Desde novembro, quando o programa Fantástico veiculou uma reportagem denunciando a clínica GeroBasso, no Paraguai, o médico responsável, Décio Basso, recusa-se a atender ligações e pedidos de esclarecimentos. No site da clínica, divulgou uma nota onde diz que "continua com a mesma posição de não falar com a mídia leiga, parcial e superficial". Em outro texto, Basso explica por que elegeu o Paraguai para montar a clínica: a liberdade de atuação para praticar a medicina que julga necessária. Em 2001, Décio Basso foi condenado a 22 anos de prisão no Brasil, por mandar sequestrar a filha de um médico que investigava denúncias contra ele no conselho de medicina. Ficou sete anos na cadeia, perdeu a licença para praticar medicina no Brasil e mudou-se para o Paraguai.

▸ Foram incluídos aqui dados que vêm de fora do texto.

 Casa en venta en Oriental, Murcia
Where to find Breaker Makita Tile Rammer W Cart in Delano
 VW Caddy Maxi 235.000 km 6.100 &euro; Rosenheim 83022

Renato Gaúcho: "Tentei ajudar mas já era tarde demais"

"Depois de tudo, quando eles voltaram a morar no Rio, O Gaúcho abriu para mim o que estava acontecendo: que ele estava muito doente, não tinha sido curado coisa nenhuma, e que estava morrendo", lembra o amigo Renato Gaúcho. "Fiquei arrasado. Pô, o cara era meu irmão! Falei com o médico do Fluminense que era meu amigo e ele me indicou um dos maiores especialistas do Brasil, em São Paulo."

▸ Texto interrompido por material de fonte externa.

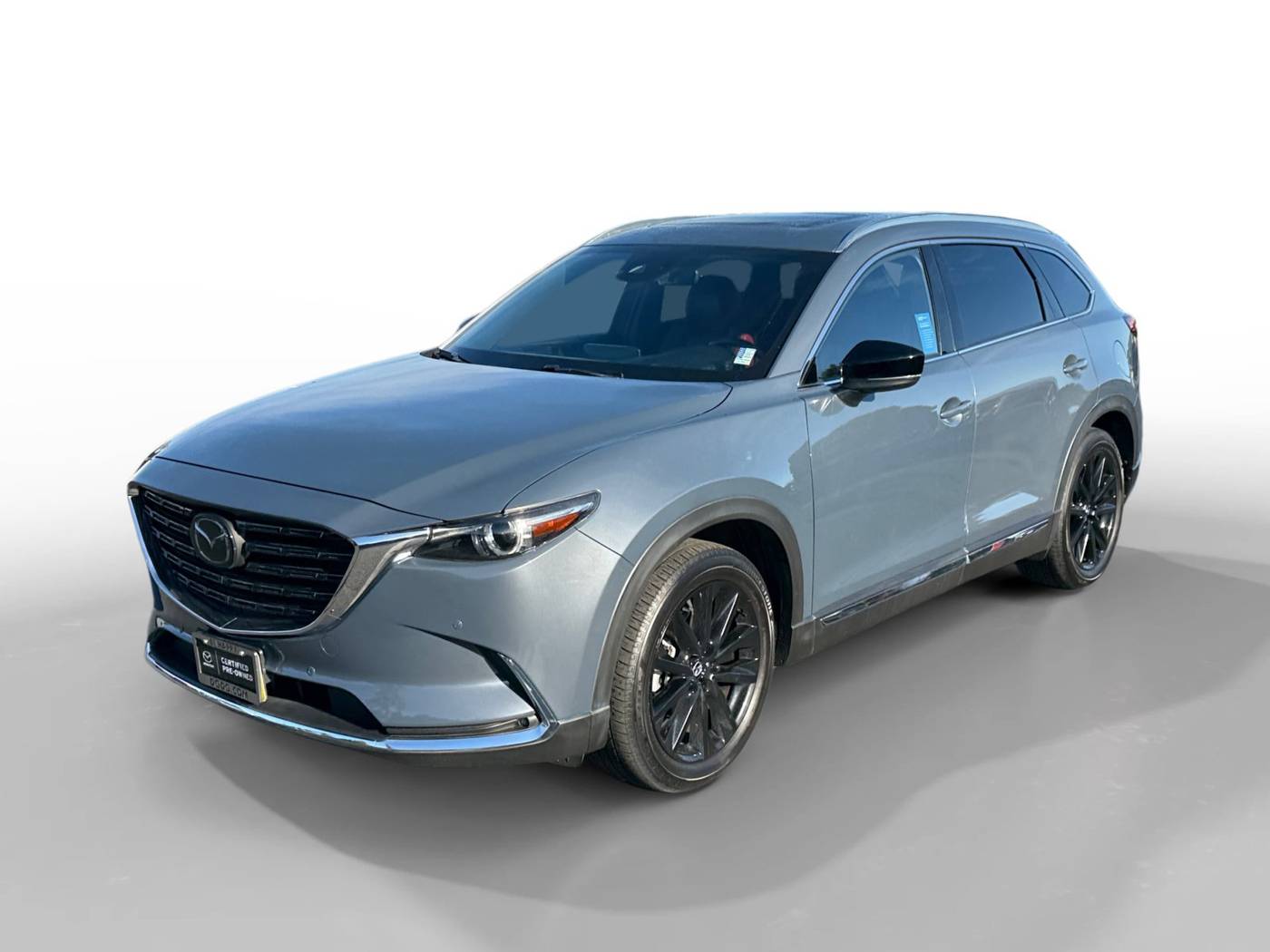 Used Mazda CX-9 for Sale in Houston, TX (with Photos) - TrueCar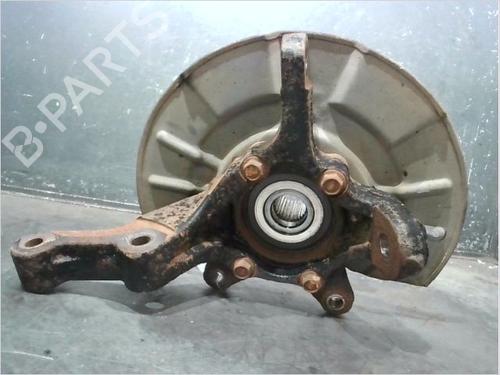 Right front steering knuckle SUZUKI GRAND VITARA II (JT, TE, TD) 1.9 DDiS All-wheel Drive (JT419, TD44, JB419WD, JB419XD,... | BP15377948M26 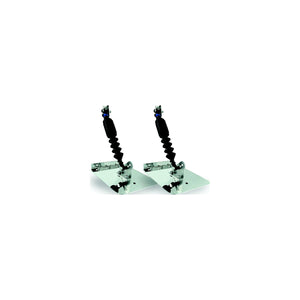Nauticus Smart Tabs ST980-30 Trim Tab Kit 9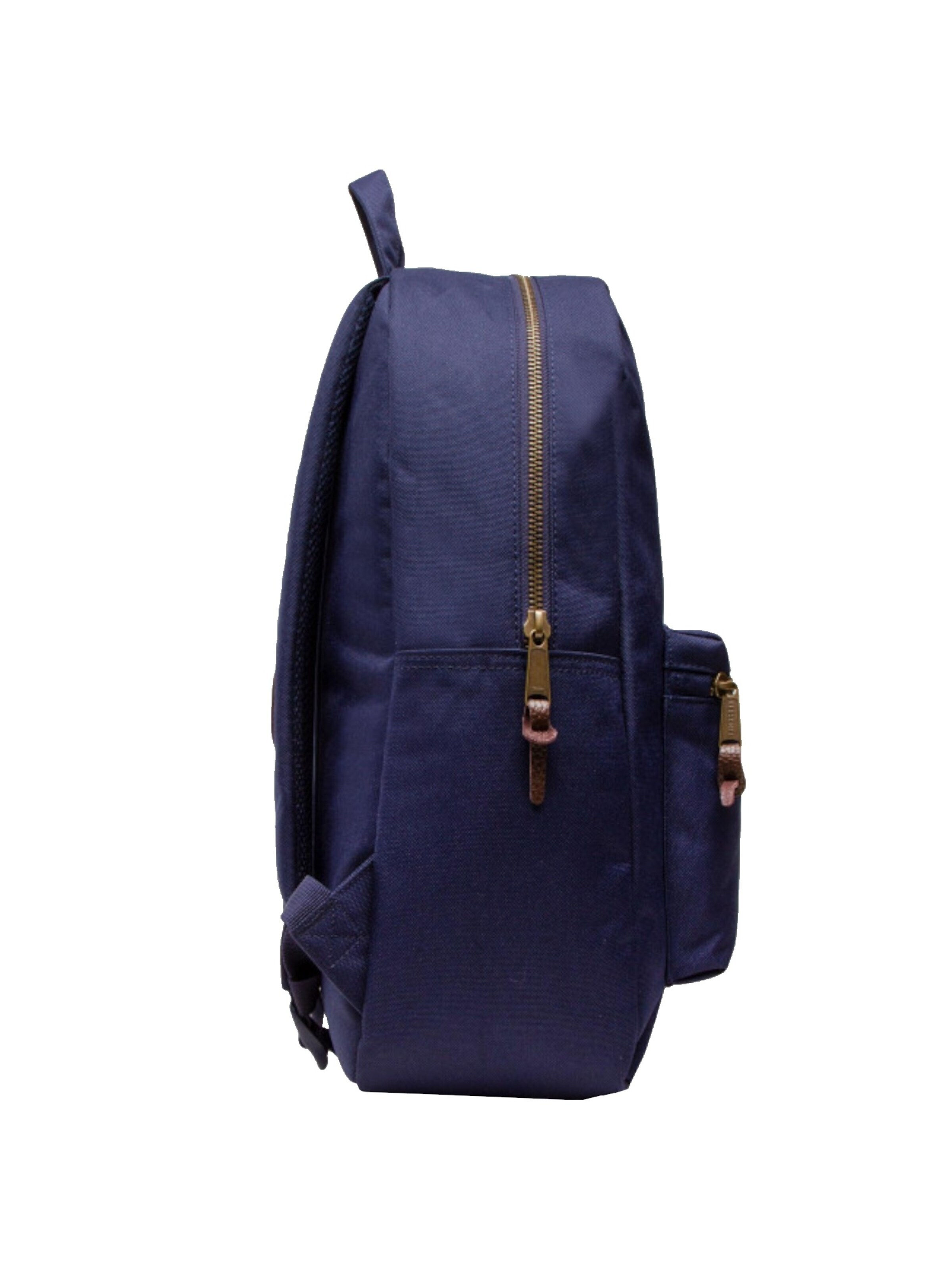 Herschel Rucksack 'Settlement'‌‌‌‌‌‌‌‌ in Blau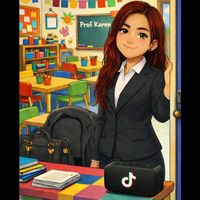 karenjhosse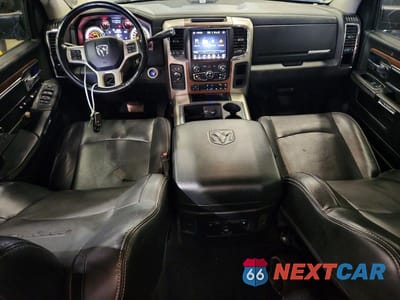 Zdjęcie 8 z 12 samochodu: 2013 RAM 2500 LARAMIE VIN:3C6TR5FT0DG517390 - miniatura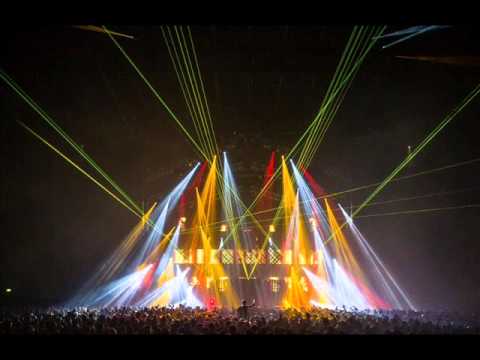 Syn Cole vs Avicii vs Nause - This Is Miami 82 (Ken Loi Edit)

O técnico do Grêmio conta que ele e Inês convenceram Gaúcho a voltar a se tratar. Ele já tinha desistido. "O médico me disse: Renato, como que deixaram essa situação chegar nesse ponto? Se ele tivesse vindo antes a gente conseguia tratar e manter ele vivo por muito tempo, mas agora é tarde demais. Chorei para caralho nesse dia."

"O Gaúcho era meu irmão, a gente conversava muito, jogava futevôlei todo dia junto em Ipanema. Mesmo no fim, ele nunca deixou de ser o Gaúcho. Estava reagindo legal. De vez em quando fraquejava, e mais pro fim começou a ficar desanimado, dizer que ia largar... Teve um dia que levei ele até o mar, demos um mergulho e conversamos muito... Aí ele decidiu continuar", lembra o amigo. 

"O Gaúcho era um cara show de bola. Jogava muito e era gente finíssima. Baita parceiro, sinto muita a falta dele."

Reprodução/Site Flamengo Reprodução/Site Flamengo

A última partida de futevôlei e o final ao lado da mulher

"Ele jogou futevôlei até uma semana antes de morrer. No domingo estávamos na praia e lá meio da tarde ele pediu para ir embora. Estranhei por que ele tinha jogado só três partidas. Na terça foi internado. No sábado morreu.

Fiquei o tempo todo ao lado dele. No hospital, o Gaúcho não queria mais dormir. Estava com medo de não acordar mais. Uma hora não estava mais conseguindo respirar e os médicos explicaram que iam tirar ele do quarto e colocar na UTI entubado.

Ele concordou, mas só se eu fosse junto. Não queria ficar sozinho, sentia que estava morrendo. Mesmo sedado, pediu para eu não ir embora. Disse que nunca ia deixá-lo, que ele era o amor da minha vida. Larguei tudo, minha carreira inteira, para criar uma família com ele. Tivemos quatro filhos incríveis. Faria tudo de novo.

Antes de entrar em coma, ele me escreveu um bilhete que vou guardar para sempre: "Te amo, me desculpa tá?"  Dei um beijo na cabeça e ele dormiu. Ficamos de mãos dadas até o fim, e no dia seguinte o Gaúcho morreu."